1st hearing in 'watershed' graft case of Mexico oil chief

MEXICO CITY (AP) — A Mexican court held the first hearing Tuesday in what President Andrés Manuel López Obrador said would be a “watershed” corruption case against the former head of the state-owned oil company.

Emilio Lozoya, the former head of Petroleos Mexicanos, said through his lawyers that he had been “used” by “an organized apparatus of power” during the alleged corruption during his tenure at the head of the company, known as Pemex, from 2012 to 2016.

Lozoya did not identify that group, but the wording appeared to suggest he was ready to spill the beans on top officials in the administration of President Enrique Peña Nieto. The hearing wasn’t open to the public.

According to an informal synopsis of the session provided by the court system, Lozoya's lawyers said they would not argue against the prosecution's request to the judge that Lozoya be held over for trial on money-laundering charges. Lozoya has reportedly agreed to cooperate with prosecutors and will act as a protected witness in return for possible sentence reductions or elimination of charges.

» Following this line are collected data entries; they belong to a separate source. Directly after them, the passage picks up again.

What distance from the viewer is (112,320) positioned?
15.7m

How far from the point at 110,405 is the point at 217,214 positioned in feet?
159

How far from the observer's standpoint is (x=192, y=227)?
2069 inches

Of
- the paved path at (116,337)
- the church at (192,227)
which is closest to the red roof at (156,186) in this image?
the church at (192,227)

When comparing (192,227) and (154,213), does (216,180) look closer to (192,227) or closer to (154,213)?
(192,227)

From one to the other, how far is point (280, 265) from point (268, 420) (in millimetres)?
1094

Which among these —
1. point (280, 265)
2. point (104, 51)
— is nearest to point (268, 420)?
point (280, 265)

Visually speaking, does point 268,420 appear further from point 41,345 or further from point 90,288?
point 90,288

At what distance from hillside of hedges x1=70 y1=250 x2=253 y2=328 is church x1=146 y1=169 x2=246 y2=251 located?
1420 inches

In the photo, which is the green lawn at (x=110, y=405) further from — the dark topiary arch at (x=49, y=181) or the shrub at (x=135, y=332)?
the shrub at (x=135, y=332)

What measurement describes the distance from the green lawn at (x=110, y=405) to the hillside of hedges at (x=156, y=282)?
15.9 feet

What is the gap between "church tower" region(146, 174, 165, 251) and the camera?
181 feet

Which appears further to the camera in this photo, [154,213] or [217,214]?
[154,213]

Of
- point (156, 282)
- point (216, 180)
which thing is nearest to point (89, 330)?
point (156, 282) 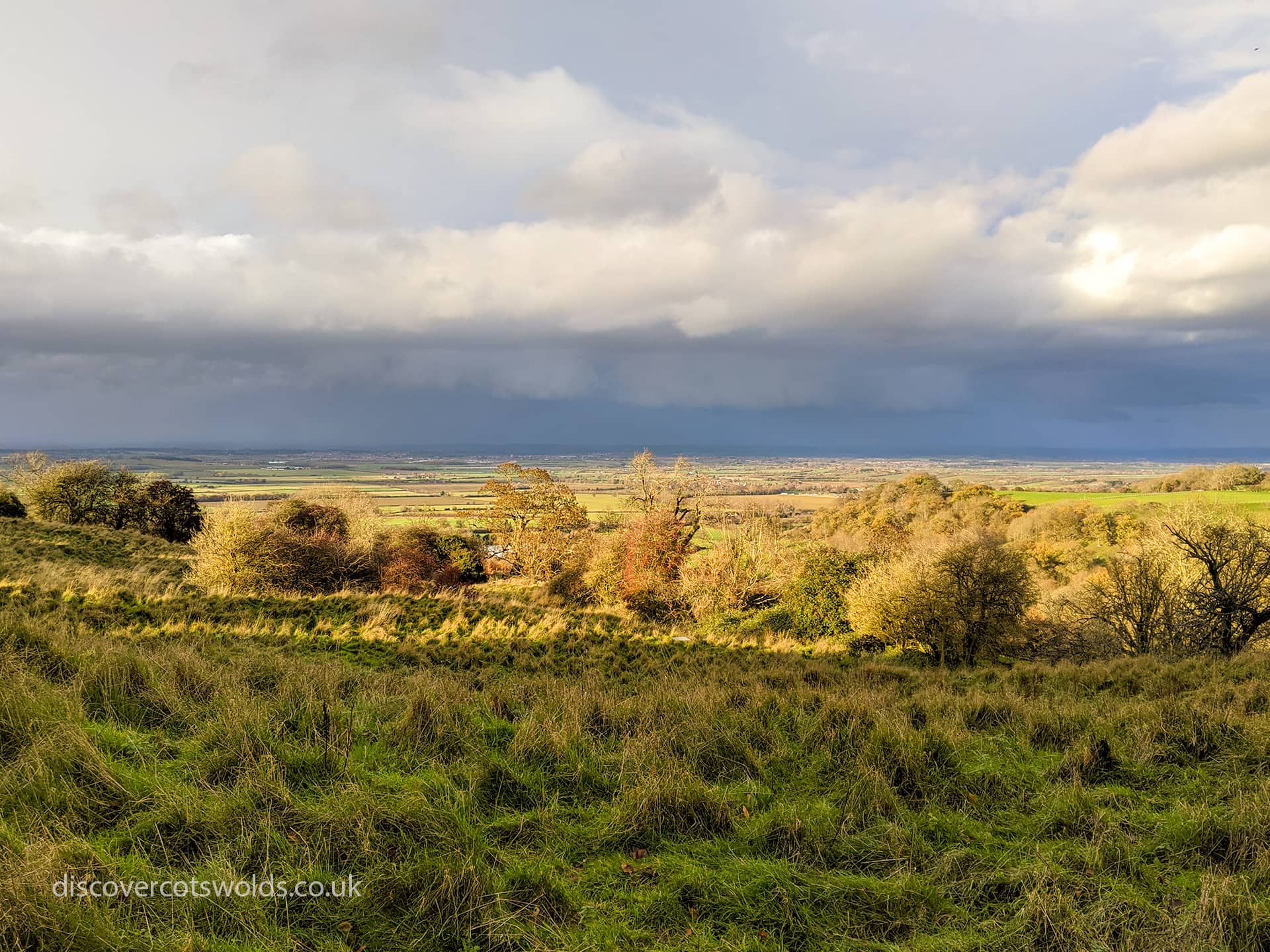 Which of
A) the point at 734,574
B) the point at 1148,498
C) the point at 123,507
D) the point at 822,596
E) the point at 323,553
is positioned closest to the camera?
the point at 822,596

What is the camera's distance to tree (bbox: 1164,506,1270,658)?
19.5m

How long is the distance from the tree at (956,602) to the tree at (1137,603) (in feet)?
13.2

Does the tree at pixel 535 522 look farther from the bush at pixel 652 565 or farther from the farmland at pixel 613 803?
the farmland at pixel 613 803

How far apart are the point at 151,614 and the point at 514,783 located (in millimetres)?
13226

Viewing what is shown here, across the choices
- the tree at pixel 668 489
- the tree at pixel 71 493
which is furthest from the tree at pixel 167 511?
the tree at pixel 668 489

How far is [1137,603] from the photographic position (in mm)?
23125

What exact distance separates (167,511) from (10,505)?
8.43 m

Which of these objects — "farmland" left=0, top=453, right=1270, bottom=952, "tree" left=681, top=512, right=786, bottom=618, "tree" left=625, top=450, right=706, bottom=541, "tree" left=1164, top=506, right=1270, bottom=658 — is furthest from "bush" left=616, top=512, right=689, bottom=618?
"tree" left=1164, top=506, right=1270, bottom=658

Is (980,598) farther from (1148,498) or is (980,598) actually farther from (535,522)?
(1148,498)

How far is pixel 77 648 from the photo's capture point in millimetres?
7523

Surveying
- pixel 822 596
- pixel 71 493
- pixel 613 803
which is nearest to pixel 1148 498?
pixel 822 596

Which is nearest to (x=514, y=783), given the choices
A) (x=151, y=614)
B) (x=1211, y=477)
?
(x=151, y=614)

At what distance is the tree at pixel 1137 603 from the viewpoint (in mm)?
22031

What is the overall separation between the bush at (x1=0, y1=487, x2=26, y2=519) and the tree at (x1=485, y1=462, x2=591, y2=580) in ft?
93.8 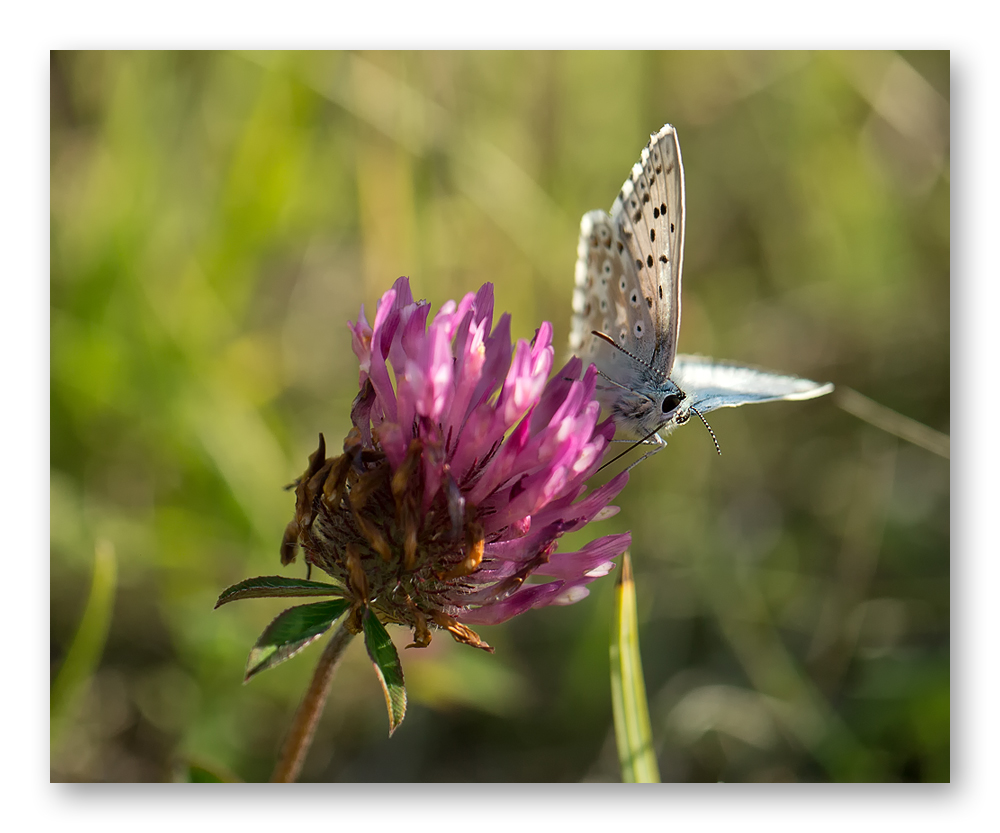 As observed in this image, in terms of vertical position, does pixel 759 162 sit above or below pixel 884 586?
above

According to the synopsis, Lozoya reiterated “my commitment to collaborate with Mexican government authorities.” His lawyers described him as having been “used as an unintentional instrument” by others, even though he allegedly used much of the purported bribe money to buy houses for himself or relatives.

Lozoya told the court he was innocent of the charges and would prove it. He fled Mexico and led authorities on a monthslong overseas manhunt. Spanish police arrested him in the Spanish city of Malaga in February, and he was extradited to Mexico in mid-July.

López Obrador said Lozoya's trial “is a before and after” moment in what the president describes as the main priority of his administration — fighting corruption.

The court opened proceedings via a video link because of coronavirus pandemic restrictions and the fact that Lozoya has been under treatment in a hospital for pre-existing conditions.

A judge ruled that Lozoya could avoid being held in prison and would instead wear a monitoring bracelet and turn in his passport. He will be under guard while in the hospital and, after he leaves, will have to sign in with the court every two weeks. The prosecution has asked for six months to strengthen its investigation in the case, but Lozoya could face more charges and another hearing is scheduled for Wednesday.

Lozoya said he had been “systematically intimidated, pressured and used,” though he did not say by whom. There had been speculation he may have felt pressure to raise money for Peña Nietos’s presidential campaign.

The Brazilian construction giant Odebrecht, investigated throughout the region in recent years for buying big government contracts with generous bribes, allegedly gave Lozoya $4 million to put toward the 2012 presidential campaign of Peña Nieto, López Obrador’s predecessor.

The hearing focused on charges in a 2013 case in which a Mexican firm, Altos Hornos de Mexico, sold an overpriced old fertilizer plant to Pemex after allegedly paying Lozoya around $3.4 million in 2012. According to prosecutors, the money went though accounts controlled by Lozoya and his sister, and they used most of it to buy a house in an upscale neighborhood in the capital.

Lozoya said he had declared the property as required on audit forms that government employees must fill out, but prosecutors said he tried to hide the payments and the transaction.

Prosecutors said Lozoya pushed for the purchase of the fertilizer plant even though it would have been cheaper to build a new one.

López Obrador said the new owner of the plant has since offered to repay as much as $200 million related to the purchase. The president said Mexico hopes to get back some of the money from bribes and crooked contracts, and he criticized the fact that Mexican corruption cases often play out in U.S. courts — and that money recovered in those cases also often remains in the United States. He said he has instructed Mexican diplomats to try to get some of it returned to Mexico.

Odebrecht allegedly kicked in an additional $6 million once Peña Nieto was in office. Some of that money was allegedly used to bribe federal lawmakers into voting for his signature energy reform package, known as the Pact for Mexico, which opened the country's energy sector to greater private investment.

“Mr. Lozoya is letting it be known that there were these bribes and that the money was used to buy the energy reform and that the money was divided among the parties’ legislators,” López Obrador said last week. He had opposed the energy overhaul.

The president said Tuesday the case “will help a lot, I repeat, in banishing corruption from Mexico."

He called graft a bigger problem for Mexico than the coronavirus outbreak.

“I am convinced that it is Mexico's main problem. It is not a pandemic ... it is a plague," López Obrador said.